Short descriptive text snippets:
★ ★ ★
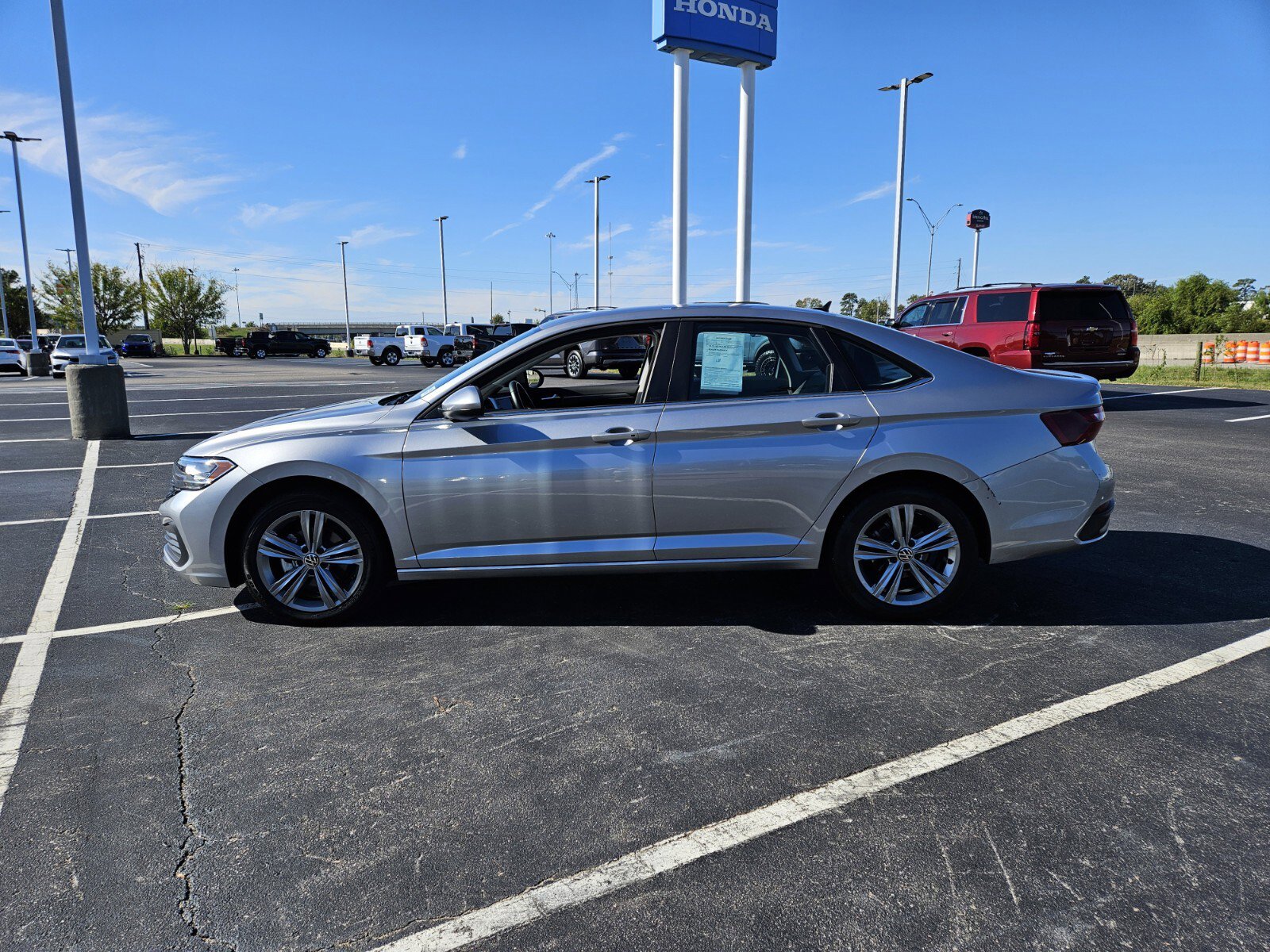 2024 Volkswagen Jetta 1.5T SE photo 4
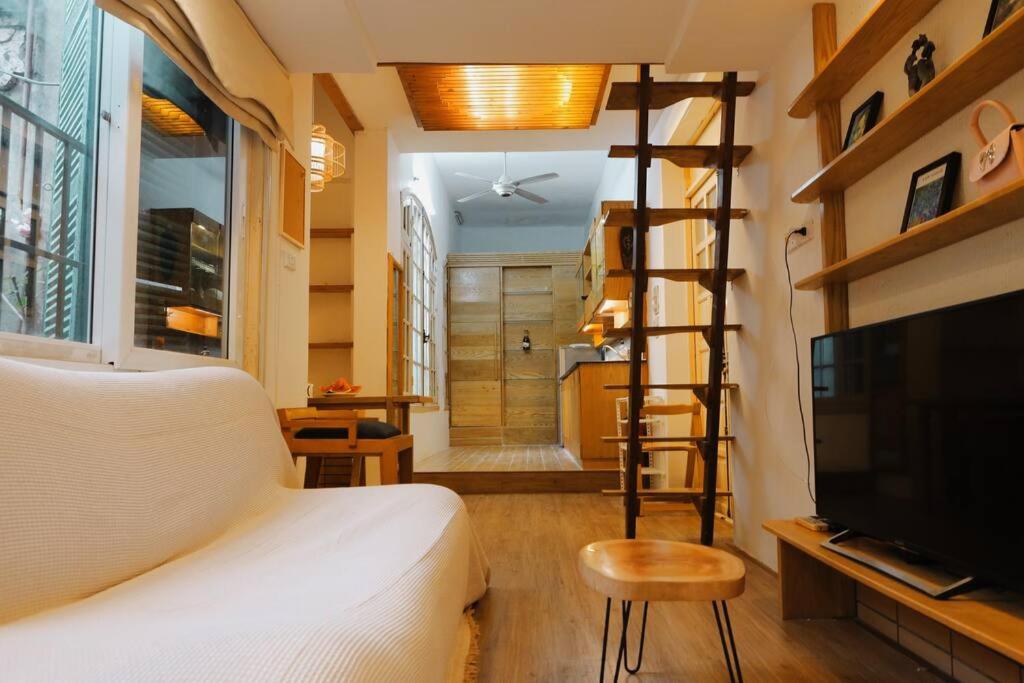 Vintage House in Central of Old Quarter 2 Bedrooms with Healing Vibe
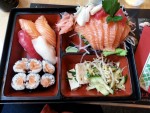 Mono-Box (vorab gibt es Misosuppe)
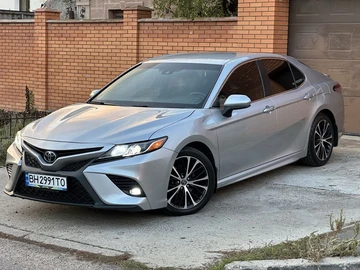 Авто Toyota Camry 2018 № 8226251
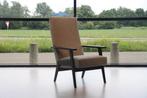 Havee Cloak fauteuil 1963 hoge rug stof Ploeg Eiken frame, Huis en Inrichting, Fauteuils, Ophalen of Verzenden, Nieuw, Stof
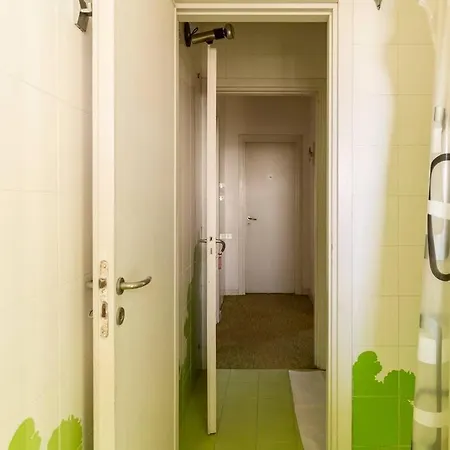 Oasi Di Mastarone - Il Vino E Le Rose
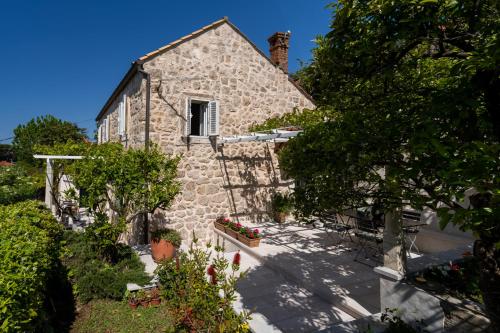 Maro & Baro Apartments, near Old Town Dubrovnik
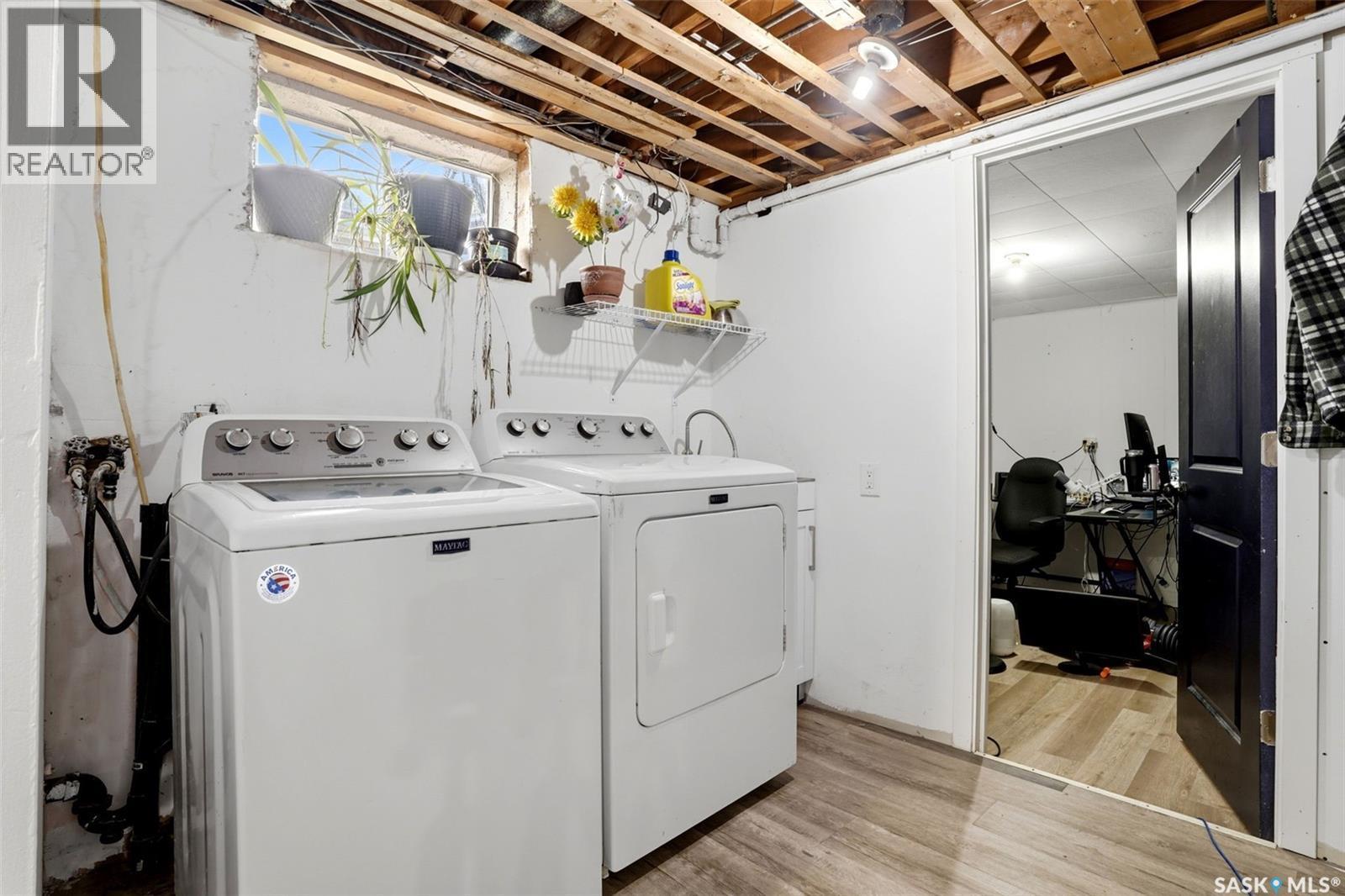 15 Ottawa Place, Regina, SK - Indoor Photo Showing Laundry Room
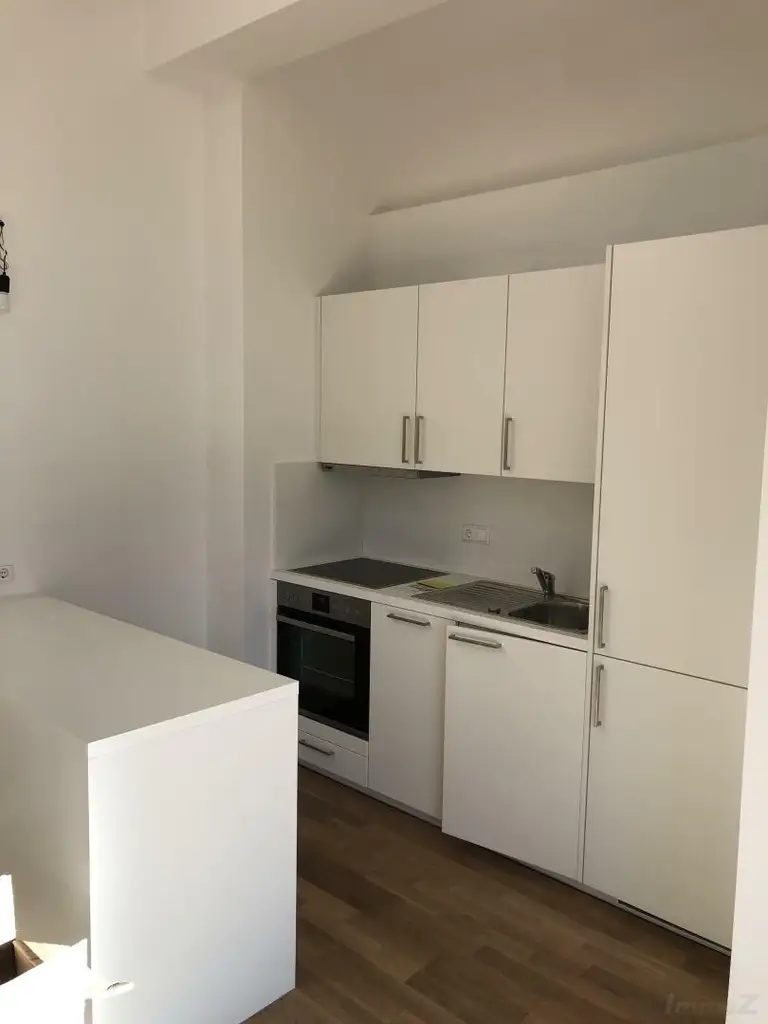 Geförderte 3-Zimmer Dachgeschoss-Wohnung mit Lift - Nähe FH ab 1.12.2025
★ ★ ★
- [What the task requires] Extract, word for word, each line from the one that contains "Maro & Baro" through the final line of the data above. Leave the pictures out.

- [Expected answer]
 Maro & Baro Apartments, near Old Town Dubrovnik
 15 Ottawa Place, Regina, SK - Indoor Photo Showing Laundry Room
 Geförderte 3-Zimmer Dachgeschoss-Wohnung mit Lift - Nähe FH ab 1.12.2025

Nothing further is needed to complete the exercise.